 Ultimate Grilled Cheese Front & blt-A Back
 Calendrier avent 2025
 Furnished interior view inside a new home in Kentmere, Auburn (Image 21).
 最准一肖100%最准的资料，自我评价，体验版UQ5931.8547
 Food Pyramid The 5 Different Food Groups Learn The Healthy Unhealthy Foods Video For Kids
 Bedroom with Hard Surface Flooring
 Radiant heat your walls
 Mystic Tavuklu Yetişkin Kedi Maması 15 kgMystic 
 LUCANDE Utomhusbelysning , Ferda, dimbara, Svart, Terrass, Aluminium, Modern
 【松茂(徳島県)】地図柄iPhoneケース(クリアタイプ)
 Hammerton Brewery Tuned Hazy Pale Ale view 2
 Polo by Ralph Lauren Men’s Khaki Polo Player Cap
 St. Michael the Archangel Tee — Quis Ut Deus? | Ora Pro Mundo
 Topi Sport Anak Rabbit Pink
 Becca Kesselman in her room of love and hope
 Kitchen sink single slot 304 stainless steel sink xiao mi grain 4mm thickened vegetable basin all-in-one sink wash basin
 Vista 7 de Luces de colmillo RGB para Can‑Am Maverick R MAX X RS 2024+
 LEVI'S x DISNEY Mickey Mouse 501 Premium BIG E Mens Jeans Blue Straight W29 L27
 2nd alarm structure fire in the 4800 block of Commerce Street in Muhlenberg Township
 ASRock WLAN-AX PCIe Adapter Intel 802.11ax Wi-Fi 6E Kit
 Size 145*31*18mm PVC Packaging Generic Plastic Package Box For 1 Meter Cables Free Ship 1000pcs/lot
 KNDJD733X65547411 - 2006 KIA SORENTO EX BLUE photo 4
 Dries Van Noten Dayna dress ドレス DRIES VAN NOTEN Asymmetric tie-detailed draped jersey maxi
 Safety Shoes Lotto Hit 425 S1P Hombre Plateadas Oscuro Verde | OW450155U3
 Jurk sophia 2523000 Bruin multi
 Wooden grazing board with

━━━━━━━━━━━━━━━━

Task objective
Go through the material above and return each line that holds the word "view".

Response to the task
 Furnished interior view inside a new home in Kentmere, Auburn (Image 21).
 Hammerton Brewery Tuned Hazy Pale Ale view 2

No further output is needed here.